Jean-Paul Louis, qui la publie dans Lettres, la commente ainsi : « Cette lettre paraît avoir été rédigée à la demande de Gallimard, suite au rachat de Denoël, dans l'intention d'apurer les comptes résiduels de Céline chez son ancien éditeur et de réduire d'autant l'avance consentie par Gallimard, évitant ainsi à Céline d'être imposé sur la totalité. »

Le 10 : Nouvelle édition de Mort à crédit chez Gallimard, tirée à 7 000 exemplaires ordinaires, plus un tirage de demi-luxe à 750 exemplaires numérotés sur vélin labeur sous cartonnage décoré de Paul Bonet. Les « blancs » de l'édition originale ont été maintenus.

       

 

Mai

Nouvelles éditions chez Gallimard de L'Eglise, Semmelweis, Casse-pipe, Guignol's Band. Le tirage sur papier ordinaire est de 5 000 exemplaires pour chacun de ces titres. Avant ces recompositions, plusieurs éditions anciennes avaient fait l'objet de recouvrures.

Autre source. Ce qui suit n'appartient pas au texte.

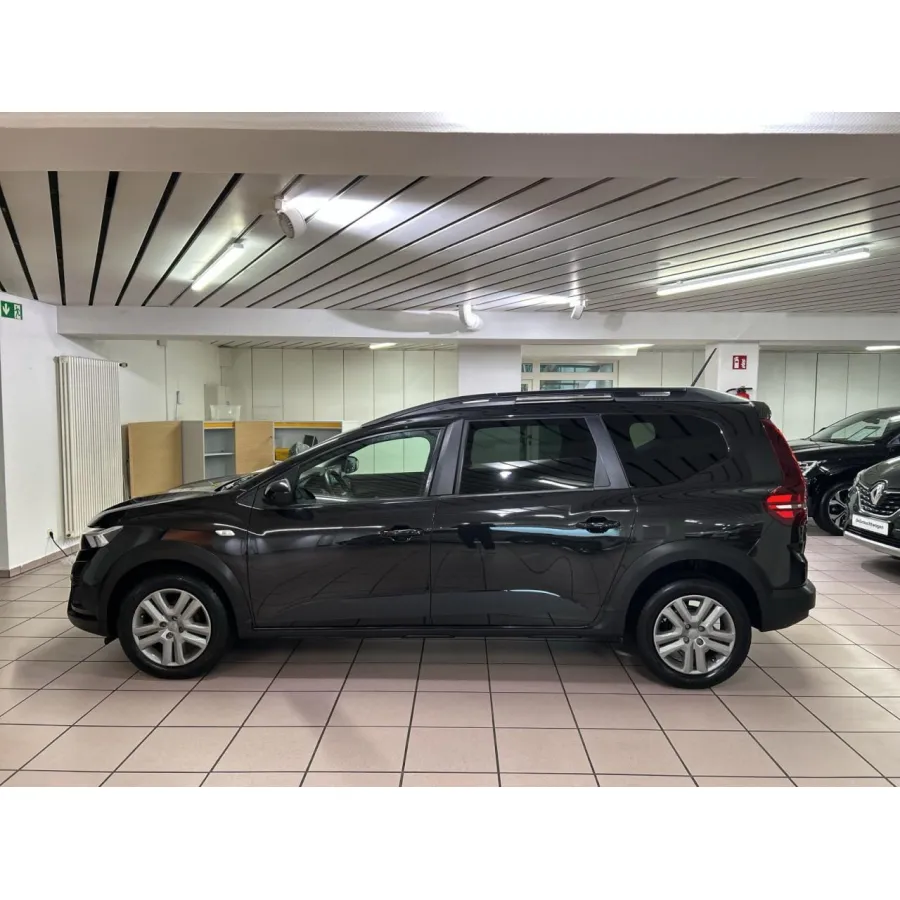 Dacia Jogger, 2023, МКПП, пробег 64557 км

C'est le cas de Casse-pipe : 1 912 exemplaires de l'édition Chambriand (décembre 1949) ont été cédés par Pierre Monnier à Gallimard en juillet 1951 et recommercialisés en décembre 1951. C'est aussi le cas de Guignol's Band, dont 400 invendus de l'édition originale (mars 1944) ont été cédés par Denoël et remis en vente en novembre 1951.

 

Juin

 

Le 10 : Parution de Féerie pour une autre fois chez Gallimard. C'est le premier ouvrage réellement nouveau de Céline qui est édité rue Sébastien-Bottin. Son tirage à 33 000 exemplaires est assez conforme à celui que le romancier avait obtenu chez Denoël pour Guignol's Band, son roman précédent : 30 000 exemplaires. Un tirage de demi-luxe à 1 050 exemplaires numérotés sur vélin sous cartonnage de Paul Bonet a été mis en vente simultanément.

    

 

Juillet

 

Le 16 : Lucien Rebatet quitte la prison de Clairvaux, où il était détenu depuis plus de cinq ans. Le 23 novembre 1946 il avait été condamné à mort avant d'être gracié, le 12 avril 1947, par Vincent Auriol, à la suite d'une pétition signée par Jean Anouilh, Marcel Aymé, Georges Bernanos, Albert Camus, Paul Claudel, Roland Dorgelès, Pierre Mac Orlan, Roger Martin du Gard, François Mauriac, et Jean Paulhan. Sa peine avait été commuée en travaux forcés à perpétuité.

 

Philippe Rossignol, le nouveau directeur chez Denoël, refuse à Blaise Cendrars la publication de deux ouvrages de compilation : « La Rumeur du monde » et « Le Poids du monde ». Il ne retiendra pas davantage, bien qu'ayant été annoncé, Sous le signe de François Villon.